Image-text web data:
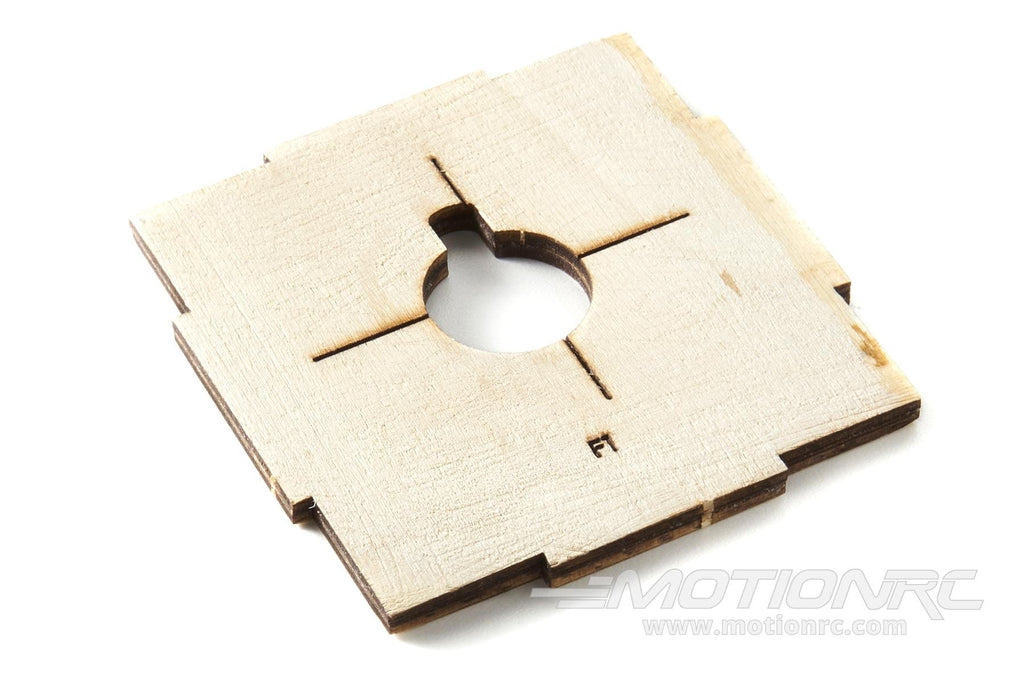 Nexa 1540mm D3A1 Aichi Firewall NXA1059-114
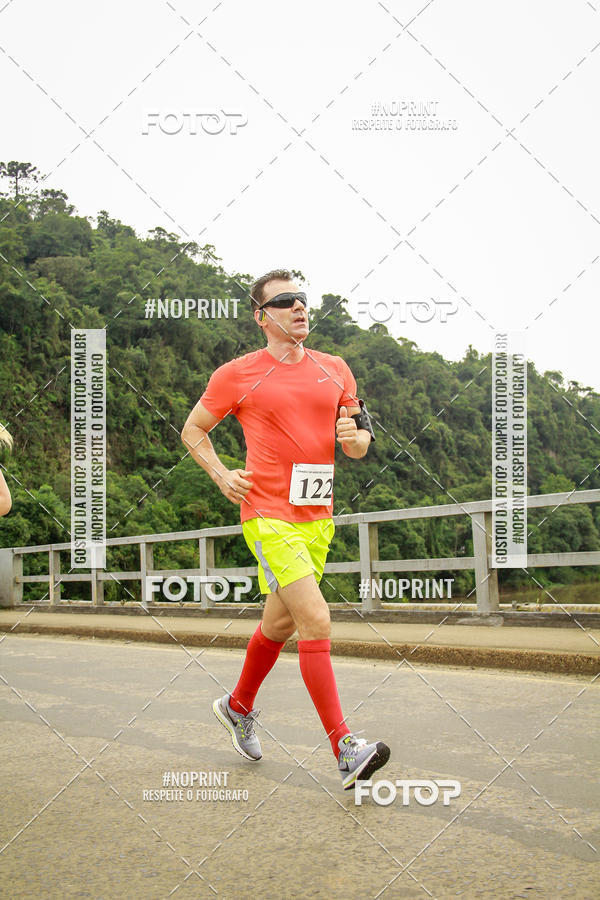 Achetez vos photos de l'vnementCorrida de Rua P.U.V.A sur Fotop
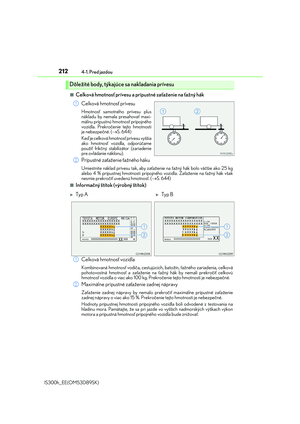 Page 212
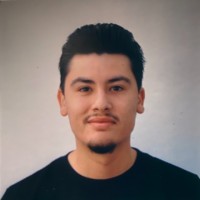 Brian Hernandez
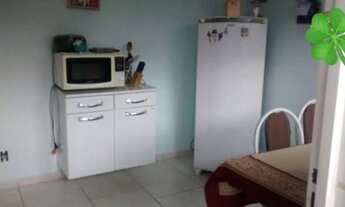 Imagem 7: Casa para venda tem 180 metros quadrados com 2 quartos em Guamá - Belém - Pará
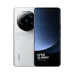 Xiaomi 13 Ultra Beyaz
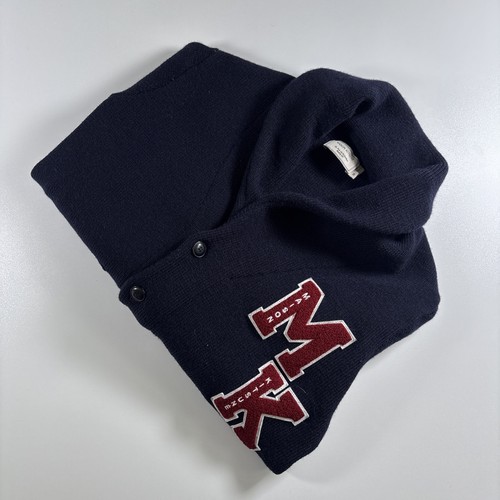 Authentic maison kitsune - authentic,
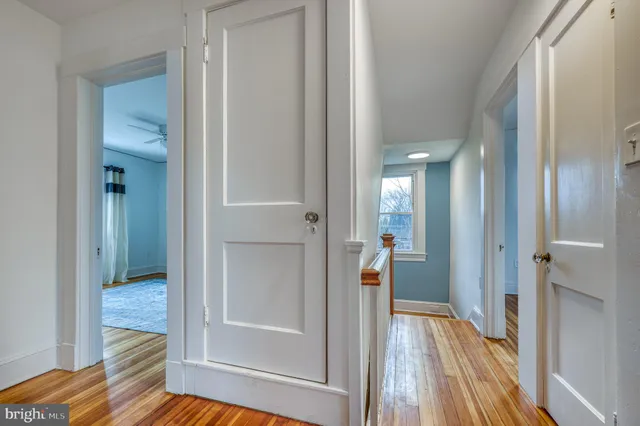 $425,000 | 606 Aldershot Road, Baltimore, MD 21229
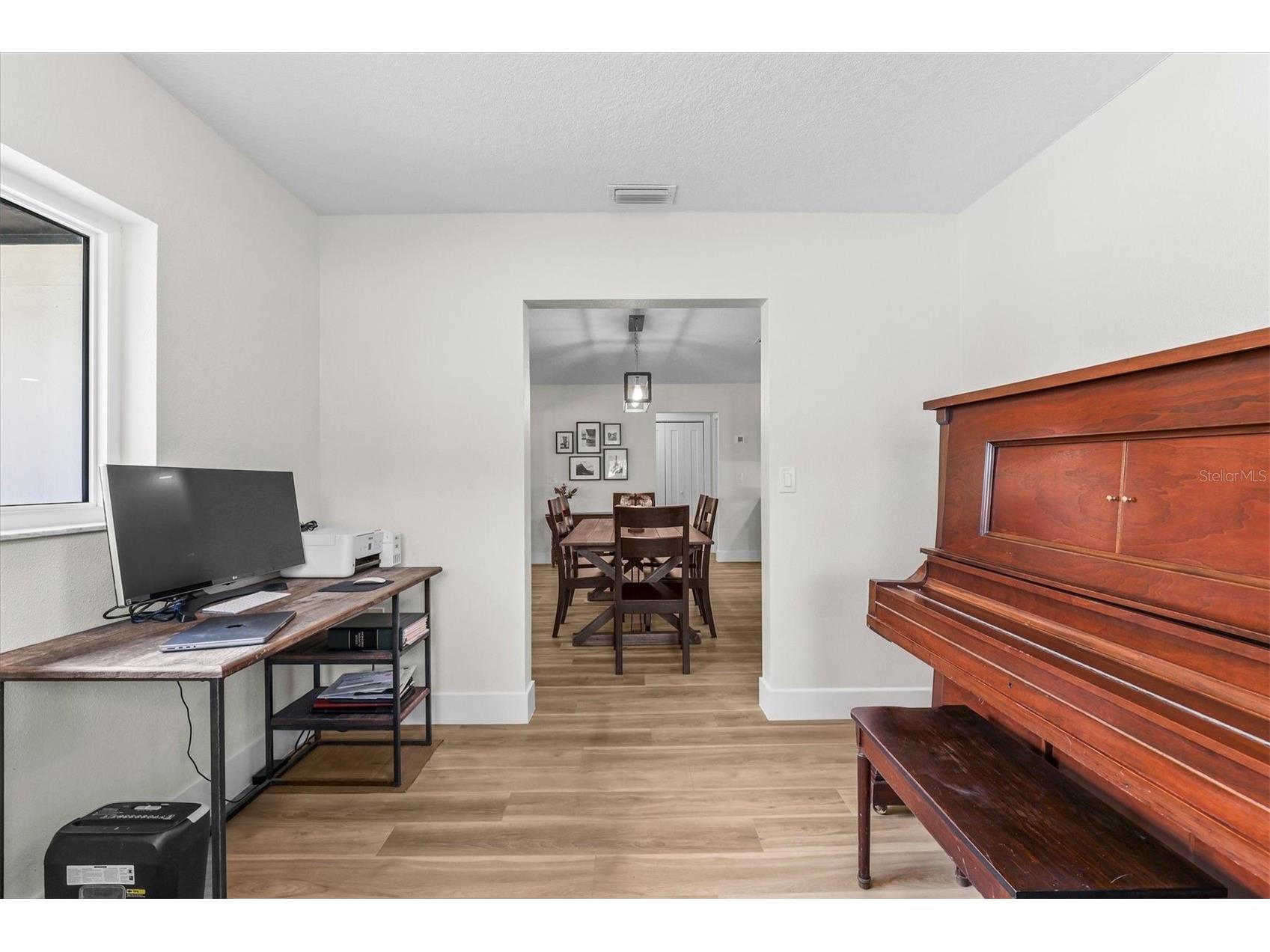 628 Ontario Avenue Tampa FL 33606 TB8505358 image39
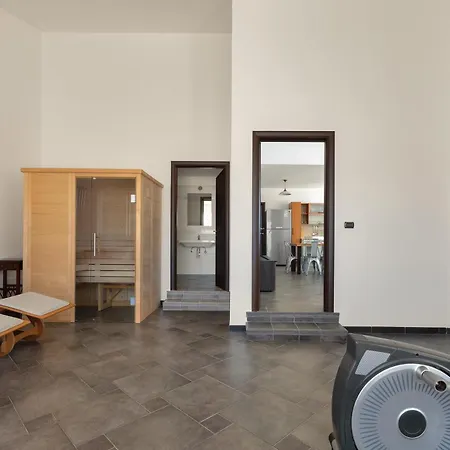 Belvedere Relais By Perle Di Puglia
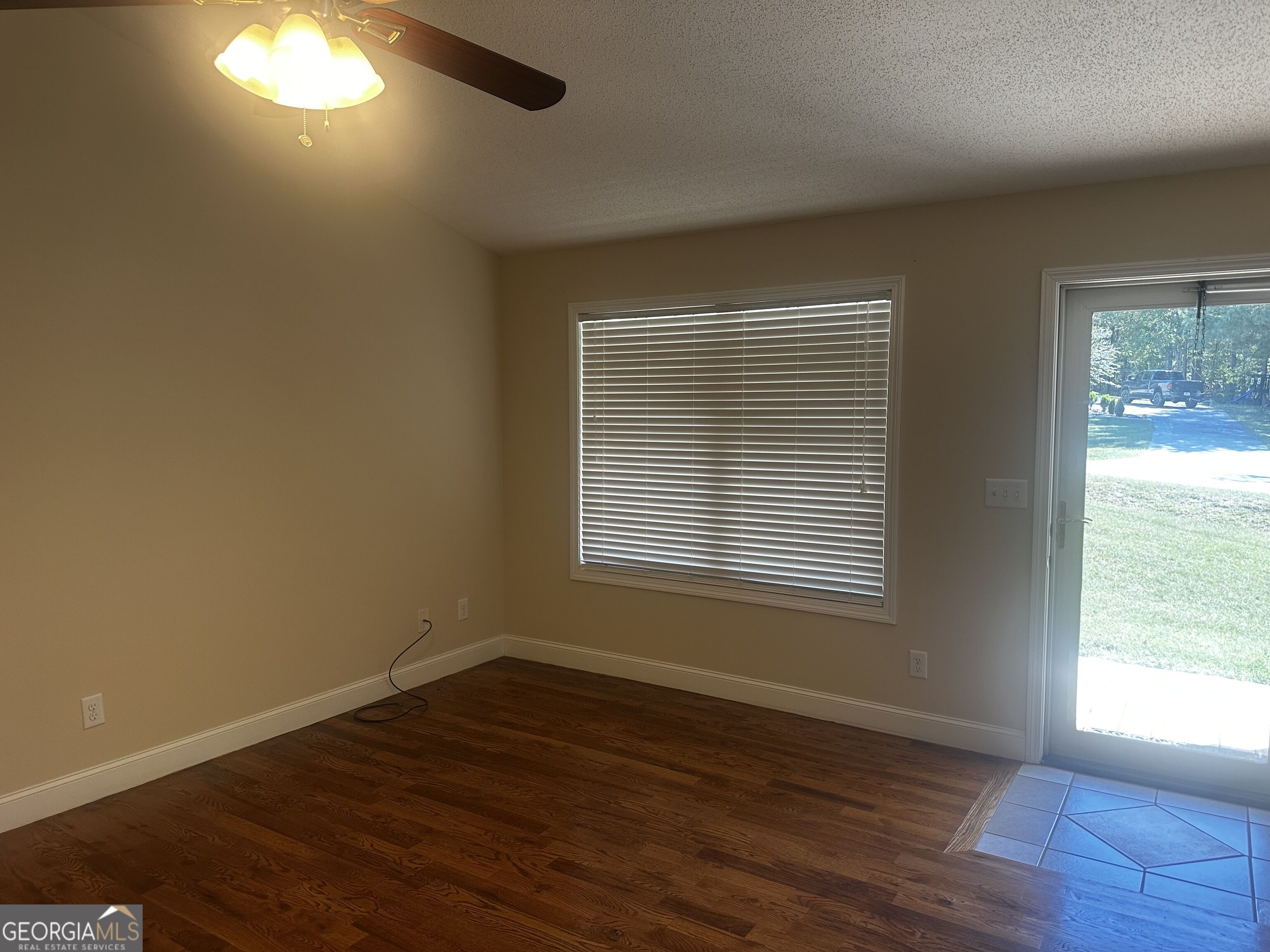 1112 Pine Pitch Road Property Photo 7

● GOAL OF THE EXERCISE:
Retype, word for word, the lines from the one with "628 Ontario Avenue" through the last line of the entries above, and only those lines. Leave pictures out.

● SOLUTION TO THE PROBLEM:
 628 Ontario Avenue Tampa FL 33606 TB8505358 image39
 Belvedere Relais By Perle Di Puglia
 1112 Pine Pitch Road Property Photo 7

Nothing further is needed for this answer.